Every line in the data below that has the word "Package" should be returned.

========

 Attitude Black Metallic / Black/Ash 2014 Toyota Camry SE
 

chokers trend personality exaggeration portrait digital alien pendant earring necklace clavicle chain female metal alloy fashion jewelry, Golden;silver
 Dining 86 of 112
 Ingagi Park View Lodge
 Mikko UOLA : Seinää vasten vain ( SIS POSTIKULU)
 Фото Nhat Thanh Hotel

========

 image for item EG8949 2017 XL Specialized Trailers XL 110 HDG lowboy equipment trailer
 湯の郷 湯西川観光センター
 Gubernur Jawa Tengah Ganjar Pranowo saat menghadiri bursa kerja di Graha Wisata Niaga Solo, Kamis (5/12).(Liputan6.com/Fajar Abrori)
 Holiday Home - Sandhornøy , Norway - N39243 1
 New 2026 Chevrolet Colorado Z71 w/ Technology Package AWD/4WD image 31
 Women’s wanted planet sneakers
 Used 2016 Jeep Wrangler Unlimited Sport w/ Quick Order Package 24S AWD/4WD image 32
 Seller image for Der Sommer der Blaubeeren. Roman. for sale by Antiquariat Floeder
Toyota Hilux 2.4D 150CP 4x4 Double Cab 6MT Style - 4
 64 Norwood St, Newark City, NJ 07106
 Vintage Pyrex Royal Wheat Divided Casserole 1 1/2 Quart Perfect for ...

========

--- COMPLETED EXERCISE ---
 New 2026 Chevrolet Colorado Z71 w/ Technology Package AWD/4WD image 31
 Used 2016 Jeep Wrangler Unlimited Sport w/ Quick Order Package 24S AWD/4WD image 32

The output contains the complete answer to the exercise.